Hoher Erinnerungswert
Karlsruhe würdigt die Ballett-Ära Birgit Keil mit einer bildreichen Publikation
Sie ist, wenn ich es recht sehe, die einzige deutsche Ballerina, die es ins englische „Oxford Dictionary of Dance“ geschafft hat (nicht zu verwechseln mit oe's „The Concise Oxford Dictionary of Ballet“, dem man eventuell ja landsmannschaftliche Vetternwirtschaft vorwerfen könnte): Birgit Keil, die heute ihren fünfundsechzigsten Geburtstag feiert. Das ist nicht einmal Adele Grantzow gelungen (1845-1877), in Braunschweig geboren und eindeutige Favoritin von Saint-Léon, der sie mit nach Moskau und St. Petersburg nahm und diverse Rollen für sie choreografierte, während in Paris die Giselle zu ihren Exklusivrechten gehörte und sie vermutlich die Swanilda in „Coppélia“ kreiert hätte, wenn sie nicht ihre Karriere einer Fußamputation wegen vorzeitig hätte beenden müssen.
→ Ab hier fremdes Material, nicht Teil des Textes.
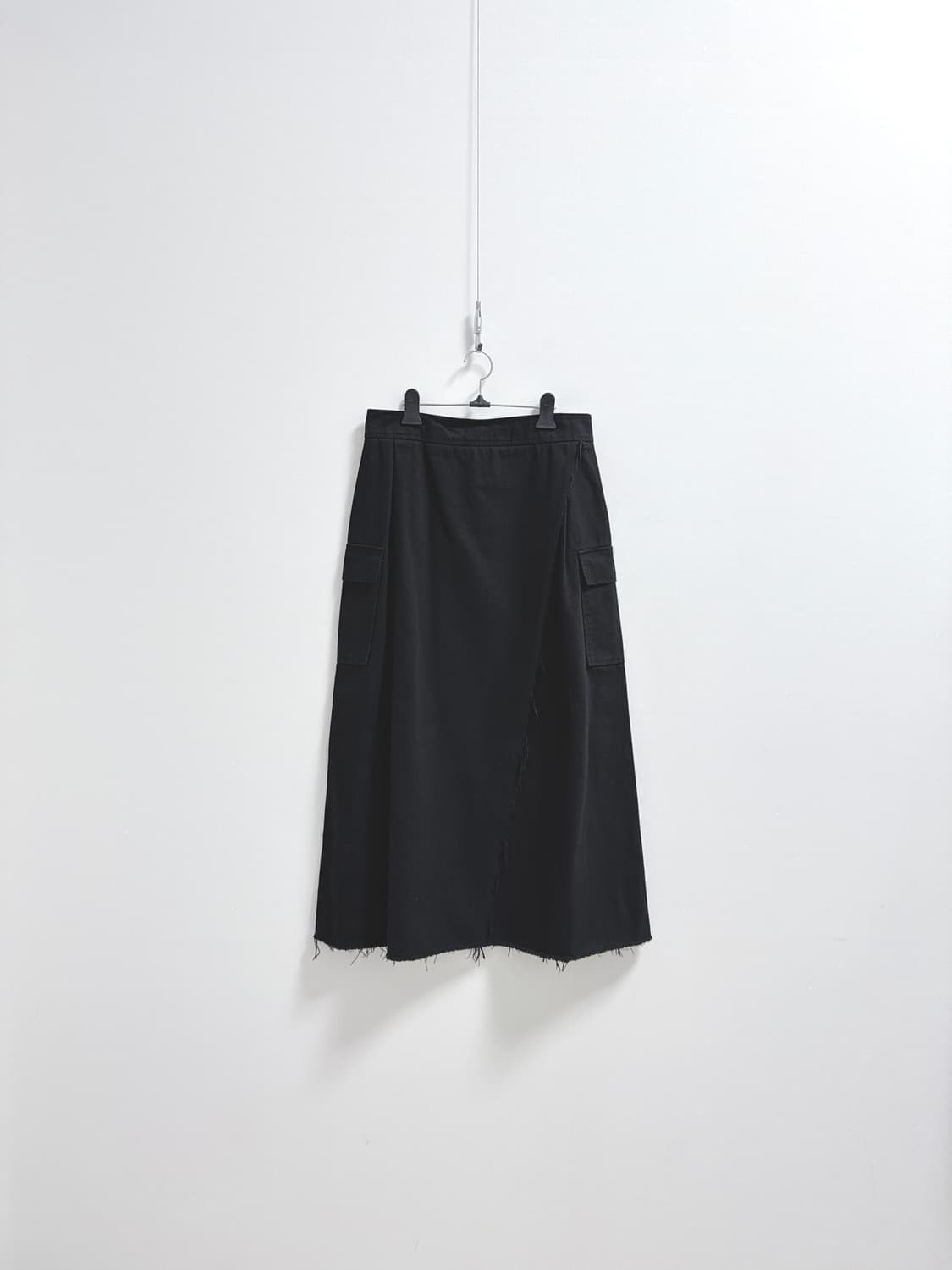  더일마 블랙 코튼 데님 스커트 상품이미지1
Das ist Birgit Keil gottlob erspart geblieben, und so befindet sie sich im zarten Seniorenalter als Ballettchefin in Karlsruhe mitten in ihrer dritten Karriere – nach ihren gloriosen Jahren als Ballerina des Stuttgarter Balletts und anschließend als Direktorin der Mannheimer Ballettakademie, als die sie auch weiterhin fungiert. Und das ist eine weitere Besonderheit ihrer Karriere. Denn Tänzerinnen, die nach ihrer aktiven Laufbahn berühmte Pädagoginnen oder Ballettleiterinnen geworden sind, kennt die Ballettgeschichte zu Hauf. Das scheinen aber durchweg Tänzerinnen gewesen zu sein oder auch heutzutage überwiegend zu sein, die während ihrer aktiven Laufbahn Charaktertänzerinnen waren – jedenfalls keine Ballerinen von klassischem Format.
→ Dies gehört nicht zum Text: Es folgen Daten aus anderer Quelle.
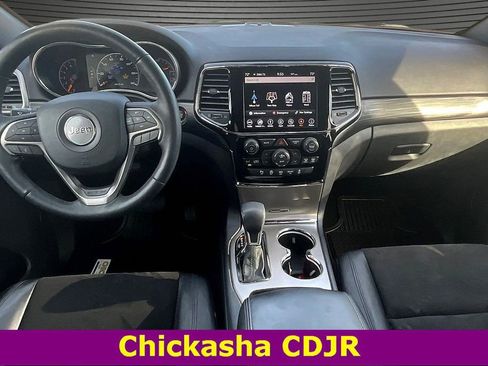 Used 2019 Jeep Grand Cherokee Altitude image 7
Ich muss mein Gehirn schon mächtig anstrengen, wenn ich Vergleichsbeispiele zitieren will. Und da fällt mir aus der Geschichte nur Lucile Grahn (1819 bis 1907) ein, Bournonvilles ideale La Sylphide, die sich als Hofballettmeisterin in München von 1869 bis 1875 große Verdienste erworben hat und Wagner bei den Uraufführungen von „Rheingold“ und den „Meistersingern von Nürnberg“ als Choreografin zur Hand ging. Dazu hat es Birgit Keil noch nicht gebracht – aber wo wäre der heutige Richard Wagner, dem sie choreografische Entwicklungshilfe hätte leisten können (vielleicht Wolfgang Rihm bei einer Auftragsoper für Karlsruhe?) Doch eine kleine Einschränkung muss ich hier machen: ich denke an Konstanze Vernon und ihre ähnlich verlaufene dreispurige Karriere in München (sie allerdings hat es noch nicht zur Aufnahme im ODoD gebracht).
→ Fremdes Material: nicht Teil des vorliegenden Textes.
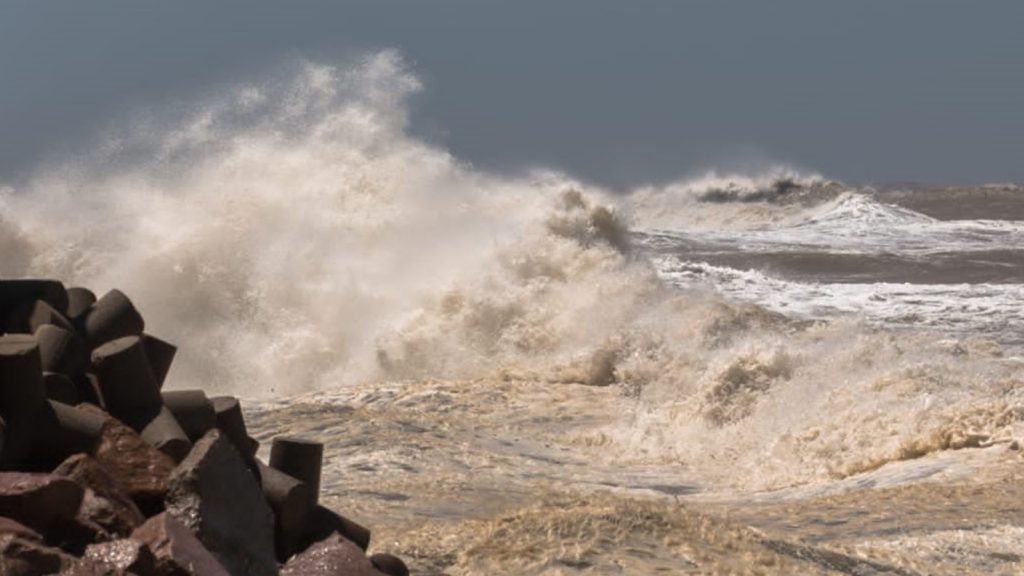 Forte ressaca do mar pelo ciclone causa danos e deixa um desaparecido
Und so bietet dieser Jubiläumsgeburtstag eine willkommene Gelegenheit, nicht ohne Stolz darauf zu verweisen, wo das deutsche Ballett inzwischen angelangt ist. Dass es eine Birgit Keil hervorgebracht hat, die sich sehr wohl im internationalen Kreis so erlauchter Kolleginnen wie Brigitte Lefèvre (Paris), Monica Mason (London) und Nina Ananiashvili (Tiflis) behaupten kann! Unseren Glückwunsch nach Karlsruhe! Und gleich noch einen weiteren sehr herzlichen Glückwunsch zum morgigen achtzigsten Geburtstag von Renate Braig-Witzel, die in den sechzig Jahren ihrer aktiven Tätigkeit zu einer Institution der Stuttgarter Ballettpädagogik geworden ist und mit den Wintertanztagen und der Ostertanzwoche zu einer internationalen Attraktion für Schüler und Pädagogen aus aller Welt – darunter auch José de Udaeta, der in ihrer Tanz- und Ballettschule in Stuttgart-Zuffenhausen seine deutsche Dependance gefunden hatte, bis sie sich vor ein paar Jahren zur Ruhe setzte. Aber was heißt schon: zur Ruhe setzen für eine, der der Tanz zum Lebenselixier geworden ist – und die darum auch als Ruheständlerin weiterhin ehrenamtlich ihre Begeisterung an die Angehörigen einer Generation weitergibt, die ihre Enkel sein könnten.